**Task instructions**. Show all the lines in the data below that include the word "should".

Dataset entries
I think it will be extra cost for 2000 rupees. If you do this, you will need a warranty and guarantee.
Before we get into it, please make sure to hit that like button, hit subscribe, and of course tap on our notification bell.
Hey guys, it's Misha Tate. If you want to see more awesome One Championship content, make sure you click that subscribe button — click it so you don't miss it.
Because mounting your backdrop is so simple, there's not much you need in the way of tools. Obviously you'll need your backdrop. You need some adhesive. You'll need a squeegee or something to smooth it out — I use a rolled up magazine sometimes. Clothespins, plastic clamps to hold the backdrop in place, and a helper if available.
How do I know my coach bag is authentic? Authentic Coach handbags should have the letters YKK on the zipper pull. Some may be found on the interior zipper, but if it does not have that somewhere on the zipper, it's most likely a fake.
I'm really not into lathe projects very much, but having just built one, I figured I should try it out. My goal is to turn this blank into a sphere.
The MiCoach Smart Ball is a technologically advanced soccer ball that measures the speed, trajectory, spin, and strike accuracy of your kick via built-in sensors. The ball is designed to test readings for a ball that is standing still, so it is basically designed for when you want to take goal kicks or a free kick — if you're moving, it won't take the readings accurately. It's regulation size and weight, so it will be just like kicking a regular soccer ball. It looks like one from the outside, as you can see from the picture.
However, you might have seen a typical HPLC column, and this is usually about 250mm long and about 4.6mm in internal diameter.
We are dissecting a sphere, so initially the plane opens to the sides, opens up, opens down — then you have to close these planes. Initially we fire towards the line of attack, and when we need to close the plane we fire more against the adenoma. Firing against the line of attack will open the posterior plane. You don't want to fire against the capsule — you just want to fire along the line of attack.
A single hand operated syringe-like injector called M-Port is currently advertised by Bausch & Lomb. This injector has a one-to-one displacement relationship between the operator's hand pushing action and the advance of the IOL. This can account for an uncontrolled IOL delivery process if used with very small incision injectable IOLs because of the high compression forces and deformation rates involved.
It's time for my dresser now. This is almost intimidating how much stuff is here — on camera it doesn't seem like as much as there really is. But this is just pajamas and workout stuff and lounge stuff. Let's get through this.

**Task solution**.
How do I know my coach bag is authentic? Authentic Coach handbags should have the letters YKK on the zipper pull. Some may be found on the interior zipper, but if it does not have that somewhere on the zipper, it's most likely a fake.
I'm really not into lathe projects very much, but having just built one, I figured I should try it out. My goal is to turn this blank into a sphere.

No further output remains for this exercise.